## EXERCISE INSTRUCTIONS
After finding the line containing "192 Potawatomi Rd, Galesburg, IL 61401" below, please output that line and each following one through the line containing "Used 2025 Ford", exactly as written.

[Brief descriptive captions]
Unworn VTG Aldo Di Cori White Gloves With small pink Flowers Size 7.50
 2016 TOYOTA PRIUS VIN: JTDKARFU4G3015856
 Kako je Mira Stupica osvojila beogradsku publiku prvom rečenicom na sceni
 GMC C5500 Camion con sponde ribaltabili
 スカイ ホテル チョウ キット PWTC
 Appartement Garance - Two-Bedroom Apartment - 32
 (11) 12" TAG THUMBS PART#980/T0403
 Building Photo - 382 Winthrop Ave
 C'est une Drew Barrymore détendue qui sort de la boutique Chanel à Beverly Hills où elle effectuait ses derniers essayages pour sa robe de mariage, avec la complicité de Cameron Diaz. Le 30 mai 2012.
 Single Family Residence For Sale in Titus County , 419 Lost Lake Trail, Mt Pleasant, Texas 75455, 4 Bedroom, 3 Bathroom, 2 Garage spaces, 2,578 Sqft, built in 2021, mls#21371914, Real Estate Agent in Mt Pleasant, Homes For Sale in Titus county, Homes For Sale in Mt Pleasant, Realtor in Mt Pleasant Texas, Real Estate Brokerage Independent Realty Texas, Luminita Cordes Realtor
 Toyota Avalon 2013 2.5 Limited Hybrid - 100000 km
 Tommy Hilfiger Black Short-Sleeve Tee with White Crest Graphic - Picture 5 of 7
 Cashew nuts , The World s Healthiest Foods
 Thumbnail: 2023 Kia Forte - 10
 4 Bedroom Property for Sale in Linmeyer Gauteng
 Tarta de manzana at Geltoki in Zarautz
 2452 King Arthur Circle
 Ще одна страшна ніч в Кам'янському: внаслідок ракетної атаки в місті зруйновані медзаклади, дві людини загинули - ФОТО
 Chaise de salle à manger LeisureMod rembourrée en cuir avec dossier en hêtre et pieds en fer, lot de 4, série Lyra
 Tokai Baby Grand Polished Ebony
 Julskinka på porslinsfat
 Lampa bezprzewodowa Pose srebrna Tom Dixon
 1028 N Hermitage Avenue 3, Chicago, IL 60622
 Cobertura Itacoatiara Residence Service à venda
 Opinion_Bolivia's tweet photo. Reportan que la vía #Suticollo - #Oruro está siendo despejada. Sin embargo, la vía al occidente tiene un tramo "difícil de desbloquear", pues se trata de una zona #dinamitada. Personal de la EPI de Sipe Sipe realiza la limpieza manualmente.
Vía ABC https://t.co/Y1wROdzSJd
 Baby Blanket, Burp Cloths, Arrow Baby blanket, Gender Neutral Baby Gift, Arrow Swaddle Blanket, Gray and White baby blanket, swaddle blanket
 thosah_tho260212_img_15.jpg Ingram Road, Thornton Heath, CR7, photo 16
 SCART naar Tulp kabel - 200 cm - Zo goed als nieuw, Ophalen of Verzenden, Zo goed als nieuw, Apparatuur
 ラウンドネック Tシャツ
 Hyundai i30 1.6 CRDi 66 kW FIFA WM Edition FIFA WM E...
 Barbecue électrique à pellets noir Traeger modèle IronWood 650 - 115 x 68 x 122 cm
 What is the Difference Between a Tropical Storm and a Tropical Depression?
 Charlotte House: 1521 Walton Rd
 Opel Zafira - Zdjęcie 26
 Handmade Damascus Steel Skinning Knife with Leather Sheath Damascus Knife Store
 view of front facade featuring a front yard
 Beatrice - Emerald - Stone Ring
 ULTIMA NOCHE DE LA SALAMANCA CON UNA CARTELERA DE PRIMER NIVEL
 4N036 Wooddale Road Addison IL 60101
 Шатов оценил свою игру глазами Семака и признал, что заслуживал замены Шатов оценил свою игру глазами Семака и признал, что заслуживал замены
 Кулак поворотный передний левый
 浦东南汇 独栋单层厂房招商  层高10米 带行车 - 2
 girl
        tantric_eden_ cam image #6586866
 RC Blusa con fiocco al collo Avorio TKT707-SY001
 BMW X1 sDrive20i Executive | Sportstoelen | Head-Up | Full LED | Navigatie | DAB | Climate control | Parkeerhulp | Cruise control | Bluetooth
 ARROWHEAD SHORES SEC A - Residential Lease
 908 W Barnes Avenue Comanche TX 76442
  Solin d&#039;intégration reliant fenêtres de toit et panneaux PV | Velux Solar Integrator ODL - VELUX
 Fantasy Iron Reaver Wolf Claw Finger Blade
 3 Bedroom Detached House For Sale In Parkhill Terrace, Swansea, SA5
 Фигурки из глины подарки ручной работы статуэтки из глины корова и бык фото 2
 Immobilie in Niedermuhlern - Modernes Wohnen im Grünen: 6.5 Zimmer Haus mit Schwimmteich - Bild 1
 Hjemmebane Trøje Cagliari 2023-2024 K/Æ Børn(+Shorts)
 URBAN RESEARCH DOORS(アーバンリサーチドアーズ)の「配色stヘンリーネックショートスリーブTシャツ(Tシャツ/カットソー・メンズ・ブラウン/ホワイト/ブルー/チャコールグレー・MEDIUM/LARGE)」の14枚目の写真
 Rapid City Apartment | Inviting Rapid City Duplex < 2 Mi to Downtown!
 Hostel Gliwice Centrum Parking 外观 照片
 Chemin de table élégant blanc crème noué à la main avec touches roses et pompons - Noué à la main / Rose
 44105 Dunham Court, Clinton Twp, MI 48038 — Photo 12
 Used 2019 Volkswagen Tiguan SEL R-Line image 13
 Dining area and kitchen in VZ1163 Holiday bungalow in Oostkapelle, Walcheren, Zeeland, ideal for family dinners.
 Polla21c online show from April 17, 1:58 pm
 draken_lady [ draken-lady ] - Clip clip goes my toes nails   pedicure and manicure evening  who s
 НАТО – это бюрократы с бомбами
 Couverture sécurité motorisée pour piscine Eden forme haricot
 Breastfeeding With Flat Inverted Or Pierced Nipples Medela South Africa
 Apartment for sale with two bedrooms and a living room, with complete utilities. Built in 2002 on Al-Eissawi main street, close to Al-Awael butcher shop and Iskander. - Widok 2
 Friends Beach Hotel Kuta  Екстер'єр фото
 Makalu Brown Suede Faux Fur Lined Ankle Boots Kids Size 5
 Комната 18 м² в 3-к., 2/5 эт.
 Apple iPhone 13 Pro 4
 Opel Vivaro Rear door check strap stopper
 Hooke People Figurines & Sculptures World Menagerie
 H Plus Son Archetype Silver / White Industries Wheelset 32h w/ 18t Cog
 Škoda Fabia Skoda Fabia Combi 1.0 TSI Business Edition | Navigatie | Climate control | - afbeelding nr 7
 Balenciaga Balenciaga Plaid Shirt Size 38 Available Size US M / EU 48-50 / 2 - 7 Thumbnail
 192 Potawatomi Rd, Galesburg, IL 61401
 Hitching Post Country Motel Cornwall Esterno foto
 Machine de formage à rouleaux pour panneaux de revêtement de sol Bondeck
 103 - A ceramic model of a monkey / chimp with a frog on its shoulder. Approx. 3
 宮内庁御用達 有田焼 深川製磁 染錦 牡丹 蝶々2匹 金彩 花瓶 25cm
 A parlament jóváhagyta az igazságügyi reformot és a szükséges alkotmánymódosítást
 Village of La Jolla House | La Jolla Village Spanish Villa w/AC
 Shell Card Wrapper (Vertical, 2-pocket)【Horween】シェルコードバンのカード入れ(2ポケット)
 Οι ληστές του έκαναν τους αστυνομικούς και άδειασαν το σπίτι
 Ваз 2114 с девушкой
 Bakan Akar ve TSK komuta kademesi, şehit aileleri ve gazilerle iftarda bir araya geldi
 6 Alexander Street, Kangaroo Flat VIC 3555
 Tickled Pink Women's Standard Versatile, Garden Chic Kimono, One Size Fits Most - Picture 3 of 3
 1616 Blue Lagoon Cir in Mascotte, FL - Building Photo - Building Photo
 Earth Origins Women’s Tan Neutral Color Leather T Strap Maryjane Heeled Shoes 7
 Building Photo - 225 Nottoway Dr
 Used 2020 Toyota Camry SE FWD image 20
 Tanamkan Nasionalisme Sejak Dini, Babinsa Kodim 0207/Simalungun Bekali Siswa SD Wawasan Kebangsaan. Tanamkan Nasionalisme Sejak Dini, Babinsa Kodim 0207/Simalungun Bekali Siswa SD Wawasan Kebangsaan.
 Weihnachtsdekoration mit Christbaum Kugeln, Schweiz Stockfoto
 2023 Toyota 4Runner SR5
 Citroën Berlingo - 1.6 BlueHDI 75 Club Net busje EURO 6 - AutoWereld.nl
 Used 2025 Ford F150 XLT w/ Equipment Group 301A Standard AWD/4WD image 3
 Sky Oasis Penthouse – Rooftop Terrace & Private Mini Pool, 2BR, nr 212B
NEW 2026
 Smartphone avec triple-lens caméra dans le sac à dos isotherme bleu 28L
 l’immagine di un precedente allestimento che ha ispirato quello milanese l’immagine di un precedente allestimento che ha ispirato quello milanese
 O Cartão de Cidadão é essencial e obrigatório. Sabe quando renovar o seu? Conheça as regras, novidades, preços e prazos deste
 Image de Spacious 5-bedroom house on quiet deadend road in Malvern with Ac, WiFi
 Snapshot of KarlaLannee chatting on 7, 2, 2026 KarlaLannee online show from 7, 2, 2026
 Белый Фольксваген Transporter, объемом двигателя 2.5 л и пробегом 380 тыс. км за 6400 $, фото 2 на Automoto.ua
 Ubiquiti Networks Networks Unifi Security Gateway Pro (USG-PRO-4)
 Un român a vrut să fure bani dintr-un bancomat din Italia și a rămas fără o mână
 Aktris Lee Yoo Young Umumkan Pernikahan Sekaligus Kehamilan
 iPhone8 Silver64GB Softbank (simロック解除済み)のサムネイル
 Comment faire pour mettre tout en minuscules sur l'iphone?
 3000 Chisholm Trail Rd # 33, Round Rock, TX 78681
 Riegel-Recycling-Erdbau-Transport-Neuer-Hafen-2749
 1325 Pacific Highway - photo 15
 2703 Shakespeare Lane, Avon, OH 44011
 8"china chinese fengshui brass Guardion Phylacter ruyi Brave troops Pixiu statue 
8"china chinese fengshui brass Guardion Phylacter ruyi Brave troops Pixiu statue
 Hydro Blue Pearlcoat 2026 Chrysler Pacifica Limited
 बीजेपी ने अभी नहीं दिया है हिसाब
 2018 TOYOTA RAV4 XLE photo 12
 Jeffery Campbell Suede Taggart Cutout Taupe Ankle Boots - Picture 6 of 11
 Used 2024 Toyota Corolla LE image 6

## RESPONSE AREA
 192 Potawatomi Rd, Galesburg, IL 61401
 Hitching Post Country Motel Cornwall Esterno foto
 Machine de formage à rouleaux pour panneaux de revêtement de sol Bondeck
 103 - A ceramic model of a monkey / chimp with a frog on its shoulder. Approx. 3
 宮内庁御用達 有田焼 深川製磁 染錦 牡丹 蝶々2匹 金彩 花瓶 25cm
 A parlament jóváhagyta az igazságügyi reformot és a szükséges alkotmánymódosítást
 Village of La Jolla House | La Jolla Village Spanish Villa w/AC
 Shell Card Wrapper (Vertical, 2-pocket)【Horween】シェルコードバンのカード入れ(2ポケット)
 Οι ληστές του έκαναν τους αστυνομικούς και άδειασαν το σπίτι
 Ваз 2114 с девушкой
 Bakan Akar ve TSK komuta kademesi, şehit aileleri ve gazilerle iftarda bir araya geldi
 6 Alexander Street, Kangaroo Flat VIC 3555
 Tickled Pink Women's Standard Versatile, Garden Chic Kimono, One Size Fits Most - Picture 3 of 3
 1616 Blue Lagoon Cir in Mascotte, FL - Building Photo - Building Photo
 Earth Origins Women’s Tan Neutral Color Leather T Strap Maryjane Heeled Shoes 7
 Building Photo - 225 Nottoway Dr
 Used 2020 Toyota Camry SE FWD image 20
 Tanamkan Nasionalisme Sejak Dini, Babinsa Kodim 0207/Simalungun Bekali Siswa SD Wawasan Kebangsaan. Tanamkan Nasionalisme Sejak Dini, Babinsa Kodim 0207/Simalungun Bekali Siswa SD Wawasan Kebangsaan.
 Weihnachtsdekoration mit Christbaum Kugeln, Schweiz Stockfoto
 2023 Toyota 4Runner SR5
 Citroën Berlingo - 1.6 BlueHDI 75 Club Net busje EURO 6 - AutoWereld.nl
 Used 2025 Ford F150 XLT w/ Equipment Group 301A Standard AWD/4WD image 3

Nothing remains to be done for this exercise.